As you may have heard, the Equal Employment Opportunity Commission (“EEOC”) released revised EEO-1 reporting guidelines on July 13, 2016 (for an overview of the new guidance in its entirety, see EEOC Issues Revised EEO-1 Proposal). These new guidelines apply to employers with 100 or more employees and require them to report, among other things, hours worked by exempt and non-exempt employees, subdivided by gender, race, ethnicity, job classification, and pay band. For an example of the proposed new reporting form, click here. Although employers and other members of the public will have until August 15, 2016 to comment on the revised proposal, it is unlikely that any further substantive revisions will be made. Currently, it appears that employers will be required to submit the new EEO-1 form on March 31, 2018, giving them approximately a year and a half to prepare their recordkeeping systems to capture the newly required data. Therefore, employers are advised to review, and update if necessary, internal recordkeeping systems to be prepared to report hours worked, and pay data, for calendar year 2017 when filing the EEO-1 on March 31, 2018.

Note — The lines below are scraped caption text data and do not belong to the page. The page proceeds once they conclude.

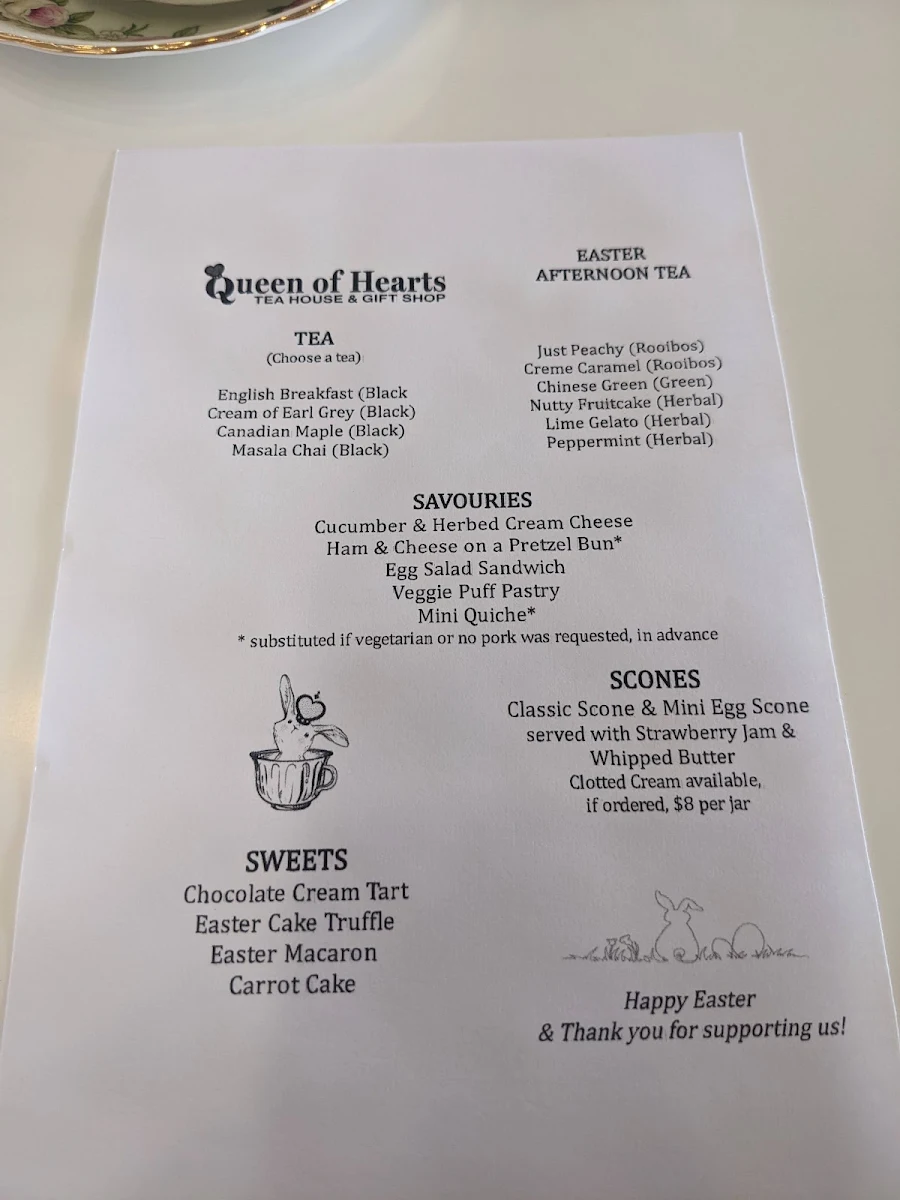 Menu, Queen of Hearts Tea House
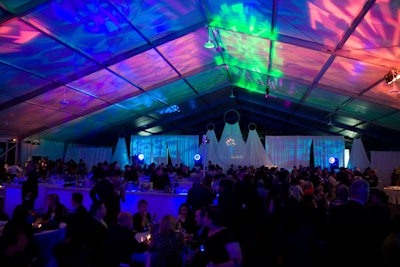 Event Creative illuminated the tent with colorful, firework-like projections.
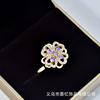 Purple ring, fashionable zirconium, four-leaf clover, light luxury style, micro incrustation, wholesale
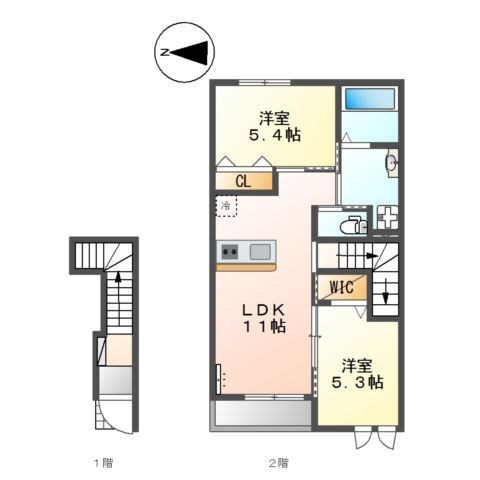シャン　ヴィラージュⅡ 間取り図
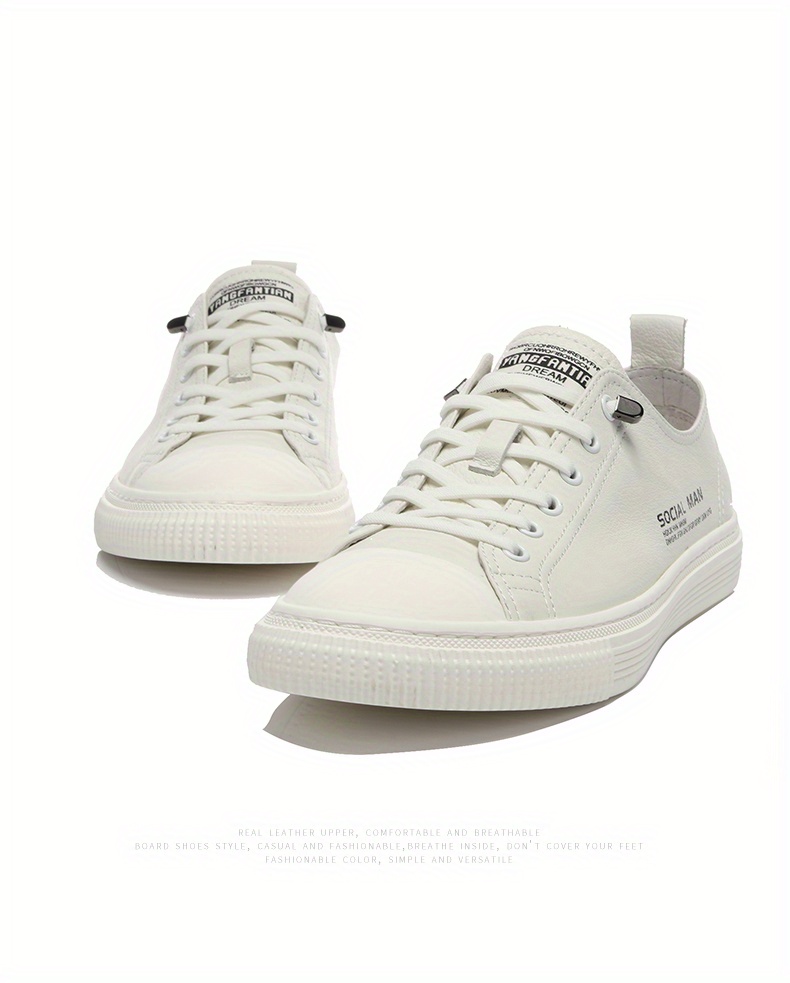 leather skate shoes men s solid casual slip walking sneakers details 5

What Are “Hours Worked” And Why Does The EEOC Want Them?

In response to employer requests for guidance concerning the definition of “hours worked,” the EEOC has specified that, for employees covered by the Fair Labor Standards Act (“FLSA”), their hours should be recorded as follows:

Non-exempt Employees: The EEOC should report “hours worked” as defined by the FLSA. “Hours worked” includes time when the employee is actually working (either at the employer’s premises or remotely). Therefore, “hours worked” would not include meal time, vacation, PTO or other leave, even if the non-exempt employee is paid for that time off, and even though the compensation for those hours will be reflected in the W2 data provided on the EE0-1 form.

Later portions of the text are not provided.